# Should I use plagal motion to go back to G major?



## caters

So I am about halfway through the first movement of my suite and I am in the middle of the harmonic B section(I don't know yet if I will do any melodic borrowing from the A section, thus me clarifying that the B section is harmonic.

Here is how I modulated to D major:

*G -> Em -> Bm -> F#m -> C#° -> A7 -> D*

I used a harmonic sequence of descending fourths starting from Em and then stopped the sequence as soon as I reached a dominant function chord. It was a diminished chord so I had 3 options for the second dominant chord, those being:

C#° -> C#°7 -> D
C#° -> C# halfdim7 -> D
and
C#° -> A7 -> D

Because I was going for a warm feel to the music, I went with the A7. Now, I'm thinking about how to go back to G major. I could just use D major and go straight to G that way. But because I have been in D major for an extended period of time and I modulated to D major, that would just feel like a I -> IV motion, not a change in tonic. At least not for several bars. And while this could work as for example, the last few bars of the development section of a sonata form piece, since I am not writing this first movement of my suite in sonata form, that doesn't make as much sense.

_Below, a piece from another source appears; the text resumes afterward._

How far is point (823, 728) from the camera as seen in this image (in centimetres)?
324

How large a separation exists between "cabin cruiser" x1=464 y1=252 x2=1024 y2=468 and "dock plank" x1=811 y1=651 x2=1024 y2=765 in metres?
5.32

A better way would be to modulate to E minor and then after being in E minor for x bars, go to G major. This at least confirms the move back to a single sharp key. But the movement from a minor key to its relative major is relatively weak. And it weakens the sense that there was a minor key at all. If the minor key passage is short enough, it will sound just the same as if I did the I -> IV motion and then tonicized the IV.

But here is an idea, what if I use plagal motion to get to G major? Well, that means that I need to use the IV of G major, C major, in place of the C#° of D major. Just 1 half step motion of the chordal root and all of a sudden, it doesn't sound like we are in D anymore. But because there is no Bb, it doesn't sound like we are in D minor either. No, it sounds like something is being set up. That would be a plagal cadence moving back to G. Now, I know the plagal cadence is weak. But it is stronger than that relative key motion that I mentioned before.

And since I plan on ending this movement with a plagal cadence, this harmonizes well with it. So should I use plagal motion to go back to G major? It will avoid me having to stay in G major for several bars before it feels like the tonic. And it will also avoid the weakness of the relative key motion.


----------



## Larkenfield

You could be making time-consuming demands on readers by expecting them to read these long explanations and speculations when hearing the different possibilities in a sound file might be far more useful, even as a midi file. Sometimes hearing is worth 1000 words.


----------



## caters

Larkenfield said:


> You could be making time-consuming demands on readers by expecting them to read these long explanations and speculations when hearing the different possibilities in a sound file might be far more useful, even as a midi file. Sometimes hearing is worth 1000 words.


I know, but I also know that I have had responses to the question in long posts, most often right here in the Music Theory subforum. I also know that there is only so much space for uploaded files and that I don't have a finished B section, let alone the entire piece.


----------



## mikeh375

It'd also help if you at least acknowledged responses from people...a simple thank you can go a long way.


----------



## millionrainbows

The short answer: Yes. use the plagal since it goes to IV, and IV is the step which, in any key, is dissonant, and leads away from its key to other areas. That's why it exists, to create instability which can be resolved elsewhere.


----------



## millionrainbows

Larkenfield said:


> You could be making time-consuming demands on readers by expecting them to read these long explanations and speculations when hearing the different possibilities in a sound file might be far more useful, even as a midi file. Sometimes hearing is worth 1000 words.


Personally, I like these kinds of detailed, convoluted posts. MIDI files? Nah, I think he should make a video at the piano, with playing and talking, like Leonard Bernstein.


----------